We start from the most basic matrix Lie group — \(n\)-dim General Linear Group, or \(\mathrm{GL}(n)\), which consists of all bijective linear map from an \(n\)-dim vector space \(V\) to itself, with group multiplication defined as the map composition. If we select a basis of space \(V\), then the map will become an invertible square matrix of order \(n\), or square matrix \(A\) of order \(n\) with \(\det(A)\neq0\).

There is something “general”, then there must be something “special”. Yes, if we ask \(\det(A)=1\), then the matrices form the \(n\)-dim Special Linear Group, or \(\mathrm{SL}(n)\). Moreover, this definition is not only suitable for General Linear Group only. Actually, when we say “special … group”, it just means “… group” with the determinant of the group element being \(1\) specifically.

Orthogonal Group \(\mathrm{O}(n)\) and \(\mathrm{O}(m,n)\)

When defining \(\mathrm{GL}(n)\), we have no restriction on the vector space \(V\). Now, if there is also a metric defined on \(V\), then we can add more restriction to the transformation — preserve the “length”. More specifically, suppose space \(V\) has a Euclidean metric \(\delta_{\mu\nu}\).
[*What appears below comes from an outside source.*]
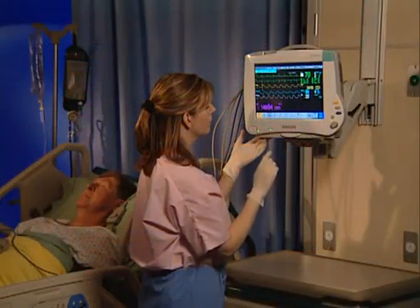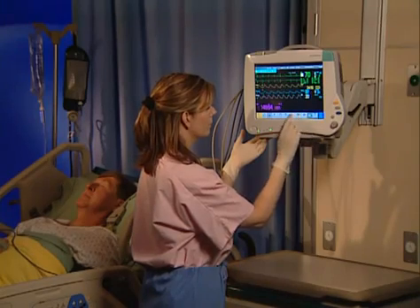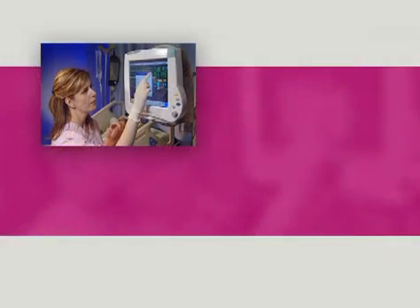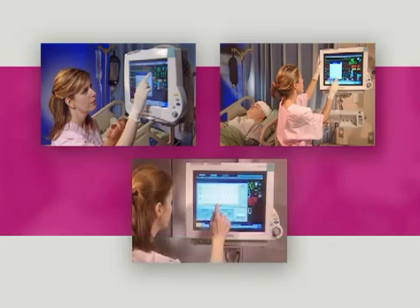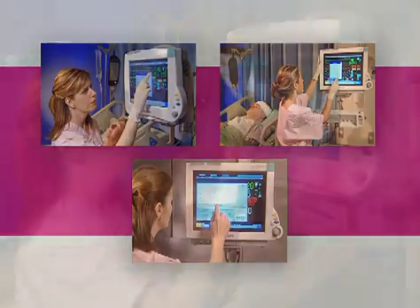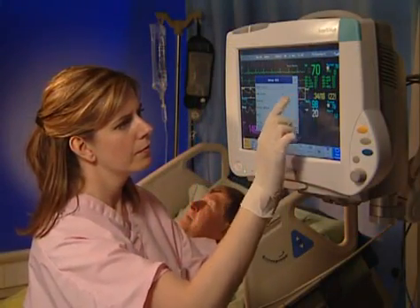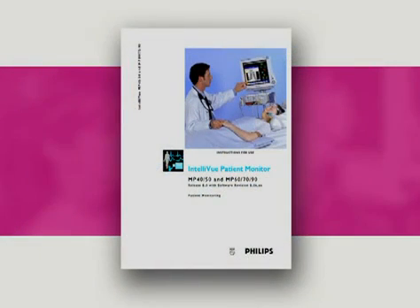For the purposes of this program, we'll demonstrate operation using the MP50 with a standard configuration. You can assume that unless specified, an operation is performed the same on other members of the IntelliView patient monitor family, except for the navigation method you would use to perform it. For additional information and the impact configuration might have on operation, please refer to the documentation included with your monitor.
Thus, the preservation of “length” can be expressed as

\[\delta_{\mu\nu}Z^\mu_\rho Z^\nu_\sigma v^\rho v^\sigma = \delta_{\mu\nu}v^\mu v^\nu\]

or written in matrix form

\[v^{\mathrm{T}}Z^{\mathrm{T}}Zv = v^{\mathrm{T}} v = v^{\mathrm{T}}Iv\]
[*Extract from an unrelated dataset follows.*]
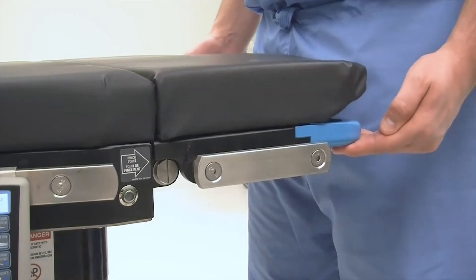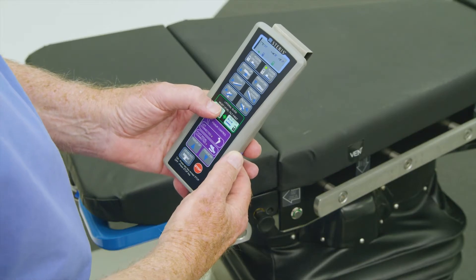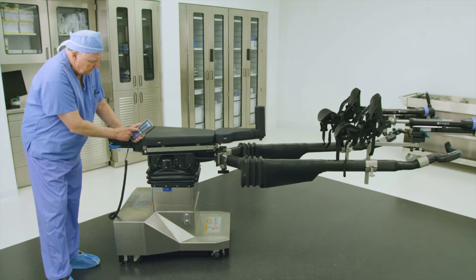First, ensure the head section is level and manually adjust as needed. Next, press the level tilt button on the hand control to ensure that the tabletop is level.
where \(I\) is the identity matrix. Thus, the preservation of “length” will be equivalent to

\[Z^{\mathrm{T}}Z = I\]

All this kind of matrices form the \(n\)-dim Orthogonal Group, or \(\mathrm{O}(n)\). And from the illustration of the previous section, you should be able to understand what is Special Orthogonal Group, or \(\mathrm{SO}(n)\).

The story does not end here. Just now we ask the space \(V\) to have a Euclidean metric. Now we want to ask the metric to be more general — not necessary to be positively definite. More specifically, the diagonal elements of the metric can have \(m\) occurrences as \(-1\) and \(n\) occurrences as \(1\). Also ask the matrix to preserve the “length”. This kind of matrices form group \(\mathrm{O}(m,n)\). A famous example of this kind of group is \(\mathrm{O}(1,3)\). It has a dedicated name Lorentz Group, and it can be so vital that we decide to open a new section for it.
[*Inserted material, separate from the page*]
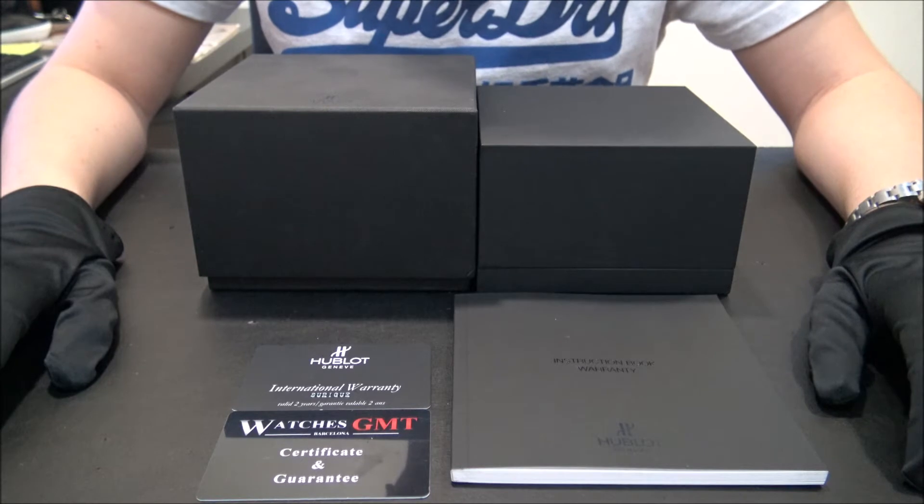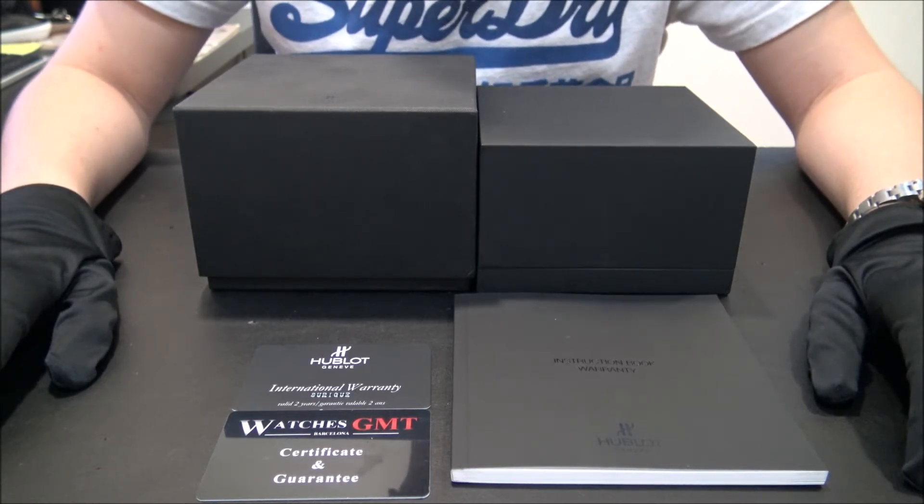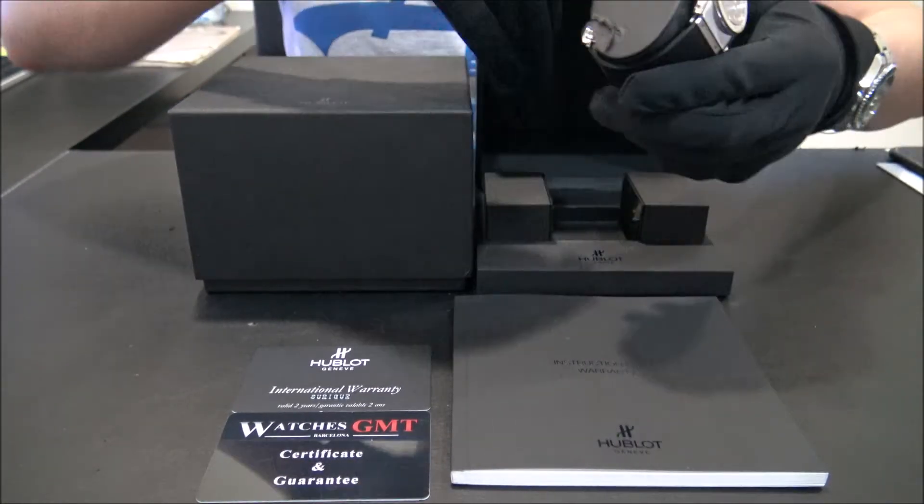Hello, we are Watches GMT. We buy and sell luxury watches. Today we want to show you a new lot.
Lorentz Group \(\mathrm{L}\) or \(\mathrm{O}(1,3)\)

As is introduced in the previous section, the Lorentz Group is the linear group whose vector space \(V\) has a Minkowski metric \(\eta_{\mu\nu}\). Yes, it is the Minkowski metric that makes it so significant in the physical theories.

The Lorentz Group has quite a complicated structure which we have no intention to address. But we would like to mention one important thing: the Lorentz Group can be divided into four branches, using the \(\varLambda^0_0\) element (the leftmost and uppermost element) and determinant (either \(+1\) or \(-1\)). We use \(+/-\) and \(\uparrow/\downarrow\) to denote the four branches, e.g. \(\mathrm{L}^\uparrow_+\) means \(\varLambda^0_0\geqslant1\) and \(\det(\varLambda)=+1\).

Although there are a massive amount of properties revealed, we stop here — many interesting facts about the Lorentz Group and its representation will be discussed in the introduction of representation theory.

Unitary Group \(\mathrm{U}(n)\)

All our previous groups are based on the vector space \(V\) which is real. Now we ask it to be complex. Then we get the complex General Linear Group \(\mathrm{GL}(n,\mathbb{C})\). Similarly, if there is an inner product (just like the metric in real space) defined on the complex vector space, we can ask the transformation to preserve “length”. Thus, we get the unitary group \(\mathrm{U}(n)\). Again, we stop here. If you want to know more about the Unitary Group and its similarity or distinction with Orthogonal Group, please refer to the references concerning Lie Group & Lie Algebra.